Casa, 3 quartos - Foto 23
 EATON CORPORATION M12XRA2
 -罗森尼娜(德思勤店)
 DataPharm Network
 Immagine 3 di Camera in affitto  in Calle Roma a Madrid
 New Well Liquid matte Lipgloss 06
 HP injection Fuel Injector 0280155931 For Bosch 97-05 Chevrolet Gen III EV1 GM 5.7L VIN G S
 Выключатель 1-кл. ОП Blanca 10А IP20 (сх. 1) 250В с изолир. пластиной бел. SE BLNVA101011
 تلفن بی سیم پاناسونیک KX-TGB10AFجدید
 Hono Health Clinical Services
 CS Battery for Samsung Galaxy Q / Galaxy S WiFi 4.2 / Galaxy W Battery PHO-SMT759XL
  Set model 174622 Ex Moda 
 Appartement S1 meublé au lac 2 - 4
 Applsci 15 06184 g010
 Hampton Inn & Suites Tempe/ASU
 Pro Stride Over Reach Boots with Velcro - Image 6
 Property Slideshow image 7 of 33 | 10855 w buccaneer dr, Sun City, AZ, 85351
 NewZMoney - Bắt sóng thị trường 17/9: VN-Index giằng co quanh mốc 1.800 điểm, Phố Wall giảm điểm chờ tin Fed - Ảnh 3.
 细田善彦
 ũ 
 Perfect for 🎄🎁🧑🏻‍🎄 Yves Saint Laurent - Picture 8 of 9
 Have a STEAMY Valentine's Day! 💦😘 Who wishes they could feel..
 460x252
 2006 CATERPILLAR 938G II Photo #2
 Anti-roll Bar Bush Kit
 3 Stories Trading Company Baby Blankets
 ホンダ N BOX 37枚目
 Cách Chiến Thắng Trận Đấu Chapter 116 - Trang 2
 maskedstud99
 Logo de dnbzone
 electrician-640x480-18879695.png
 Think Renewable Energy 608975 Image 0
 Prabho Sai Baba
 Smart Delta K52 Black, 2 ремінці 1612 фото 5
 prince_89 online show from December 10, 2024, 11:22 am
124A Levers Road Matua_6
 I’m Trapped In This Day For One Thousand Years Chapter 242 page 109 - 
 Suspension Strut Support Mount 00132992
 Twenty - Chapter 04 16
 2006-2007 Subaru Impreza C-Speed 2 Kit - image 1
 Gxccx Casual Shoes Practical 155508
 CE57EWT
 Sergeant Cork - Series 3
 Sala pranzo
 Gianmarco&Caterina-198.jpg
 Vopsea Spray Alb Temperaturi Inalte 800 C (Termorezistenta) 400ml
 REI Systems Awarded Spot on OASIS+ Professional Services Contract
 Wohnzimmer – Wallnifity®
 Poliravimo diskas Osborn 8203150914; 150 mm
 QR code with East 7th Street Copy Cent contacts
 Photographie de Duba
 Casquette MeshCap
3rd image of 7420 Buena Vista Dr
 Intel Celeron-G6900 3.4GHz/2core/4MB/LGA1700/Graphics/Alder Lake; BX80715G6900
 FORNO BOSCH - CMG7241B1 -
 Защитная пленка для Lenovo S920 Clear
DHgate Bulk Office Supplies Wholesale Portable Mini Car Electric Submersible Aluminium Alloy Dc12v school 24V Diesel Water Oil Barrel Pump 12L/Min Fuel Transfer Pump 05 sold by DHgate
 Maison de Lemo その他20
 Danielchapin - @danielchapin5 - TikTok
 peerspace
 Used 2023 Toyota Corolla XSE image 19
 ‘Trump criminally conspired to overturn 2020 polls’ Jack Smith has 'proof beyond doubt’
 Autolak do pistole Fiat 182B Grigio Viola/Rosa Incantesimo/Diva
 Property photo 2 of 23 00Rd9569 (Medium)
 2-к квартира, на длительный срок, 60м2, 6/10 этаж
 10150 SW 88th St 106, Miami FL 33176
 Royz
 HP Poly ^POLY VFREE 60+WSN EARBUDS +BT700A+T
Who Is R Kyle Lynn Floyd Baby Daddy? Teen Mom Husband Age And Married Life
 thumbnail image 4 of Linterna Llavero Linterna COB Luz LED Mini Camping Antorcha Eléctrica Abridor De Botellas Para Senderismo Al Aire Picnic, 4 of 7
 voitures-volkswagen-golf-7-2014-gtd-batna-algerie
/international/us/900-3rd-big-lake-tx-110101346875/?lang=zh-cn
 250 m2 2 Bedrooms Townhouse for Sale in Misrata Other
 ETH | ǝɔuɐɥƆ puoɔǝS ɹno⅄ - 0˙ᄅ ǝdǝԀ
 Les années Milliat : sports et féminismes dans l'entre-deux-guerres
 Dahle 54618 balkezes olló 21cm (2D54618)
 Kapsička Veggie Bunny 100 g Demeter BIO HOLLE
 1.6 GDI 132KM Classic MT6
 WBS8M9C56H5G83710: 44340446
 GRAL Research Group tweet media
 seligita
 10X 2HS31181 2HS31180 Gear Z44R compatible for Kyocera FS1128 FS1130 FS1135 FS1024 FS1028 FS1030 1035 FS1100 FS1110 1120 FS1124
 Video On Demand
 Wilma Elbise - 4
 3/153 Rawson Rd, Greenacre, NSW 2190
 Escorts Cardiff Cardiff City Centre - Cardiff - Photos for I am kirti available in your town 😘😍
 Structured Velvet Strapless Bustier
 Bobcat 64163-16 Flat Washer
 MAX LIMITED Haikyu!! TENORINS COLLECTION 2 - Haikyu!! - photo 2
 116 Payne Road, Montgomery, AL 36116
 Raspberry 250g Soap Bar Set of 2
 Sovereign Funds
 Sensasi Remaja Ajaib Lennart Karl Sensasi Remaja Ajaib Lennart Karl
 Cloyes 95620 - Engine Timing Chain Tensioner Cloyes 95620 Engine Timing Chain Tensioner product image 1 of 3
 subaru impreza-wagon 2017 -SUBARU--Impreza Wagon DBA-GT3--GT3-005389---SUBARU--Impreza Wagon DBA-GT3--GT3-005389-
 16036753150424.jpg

==================================================

-- The task --
From the records above, transcribe exactly the run of lines that opens with the line holding "has 'proof beyond doubt’" and closes with the line holding "Sovereign Funds", both included.

-- Written response --
 ‘Trump criminally conspired to overturn 2020 polls’ Jack Smith has 'proof beyond doubt’
 Autolak do pistole Fiat 182B Grigio Viola/Rosa Incantesimo/Diva
 Property photo 2 of 23 00Rd9569 (Medium)
 2-к квартира, на длительный срок, 60м2, 6/10 этаж
 10150 SW 88th St 106, Miami FL 33176
 Royz
 HP Poly ^POLY VFREE 60+WSN EARBUDS +BT700A+T
Who Is R Kyle Lynn Floyd Baby Daddy? Teen Mom Husband Age And Married Life
 thumbnail image 4 of Linterna Llavero Linterna COB Luz LED Mini Camping Antorcha Eléctrica Abridor De Botellas Para Senderismo Al Aire Picnic, 4 of 7
 voitures-volkswagen-golf-7-2014-gtd-batna-algerie
/international/us/900-3rd-big-lake-tx-110101346875/?lang=zh-cn
 250 m2 2 Bedrooms Townhouse for Sale in Misrata Other
 ETH | ǝɔuɐɥƆ puoɔǝS ɹno⅄ - 0˙ᄅ ǝdǝԀ
 Les années Milliat : sports et féminismes dans l'entre-deux-guerres
 Dahle 54618 balkezes olló 21cm (2D54618)
 Kapsička Veggie Bunny 100 g Demeter BIO HOLLE
 1.6 GDI 132KM Classic MT6
 WBS8M9C56H5G83710: 44340446
 GRAL Research Group tweet media
 seligita
 10X 2HS31181 2HS31180 Gear Z44R compatible for Kyocera FS1128 FS1130 FS1135 FS1024 FS1028 FS1030 1035 FS1100 FS1110 1120 FS1124
 Video On Demand
 Wilma Elbise - 4
 3/153 Rawson Rd, Greenacre, NSW 2190
 Escorts Cardiff Cardiff City Centre - Cardiff - Photos for I am kirti available in your town 😘😍
 Structured Velvet Strapless Bustier
 Bobcat 64163-16 Flat Washer
 MAX LIMITED Haikyu!! TENORINS COLLECTION 2 - Haikyu!! - photo 2
 116 Payne Road, Montgomery, AL 36116
 Raspberry 250g Soap Bar Set of 2
 Sovereign Funds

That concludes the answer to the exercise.